Improving Java for Linux
Robert S. Thau
rst at ai.mit.edu
Thu Nov 6 08:13:13 PST 1997
Nelson Minar writes:
> I meant to ask why doesn't Sun lift some of the restrictions on the
> *source license* for the VM. Binary licensing is a totally different
> issue, I'm sorry I didn't make myself more clear. Sun's making it
> difficult to get hands on the Java VM source code hinders the spread
> of Java, and as near as I can tell protects no valuable intellectual
> property of Sun's.
> My impression is that lawyers who don't understand free software have
> too much control over Java. I say this partly because of the past
> troubles with Linux licensing, partly because Sun has not effectively
> embraced the Unix community's strength in supporting itself.
Note that the JVM is not the only thing Sun distributes with obscure
and seemingly counterproductive licensing terms. For instance, if you
retrieve some of the draft spec documents off Sun's own public web
site, you will often find the following sort of language, taken in
this particular instance from the PersonalJava 1.0 spec:
This software and documentation is the confidential and proprietary
information of Sun Microsystems, Inc. ("Confidential Information").
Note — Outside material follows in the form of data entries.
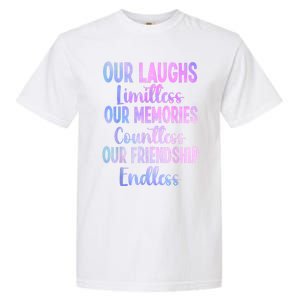 Our Laughs Limitless Memories Countless Friendship Endless Garment-Dyed Heavyweight T-Shirt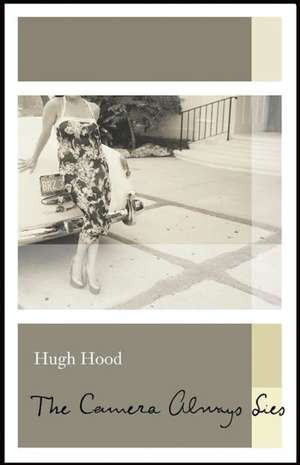 The Camera Always Lies de Hugh Hood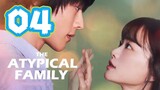 The Atypical Family [ EP4 ] [ 1080 ] [ ENG SUB ] (2024)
You shall not disclose such Confidential Information and shall use it
only in accordance with the terms of the license agreement you entered
into with Sun.
This is for a document which has been published on Sun's *public* web
site, without any access restrictions whatever (not even as much as
the password-protected Java Developer Connection pages, though even
those are in fact open to all comers). What's more, the Personal Java
spec was, for a time, prominently advertised on the site's front page,
which pretty much scuttles any case a lawyer might want to make about
inadvertent disclosure. So any notion that the stuff is
"confidential" --- something that might scare people away from
evaluating it because of assumption of legal liability --- defies not
only Sun's self-interest, but ordinary common sense.
The bright side of this particular coin is that some of these
restrictions, including possibly the JDK restrictions themselves, may
come out of simple cluelessness, rather than malice, and that can be
(On the other hand, it isn't completely obvious that Sun regards the
Linux community as their friends; there are rumors around that linux
has cost them a *lot* of Solaris/x86 sales, and their recent
free-source-code-for-schools program --- which, by the way, was also
hamstrung by a whole spate of nasty restrictions on the use of the
code --- was announced with a press release which said right at the
top that the program was intended to "compete with Linux").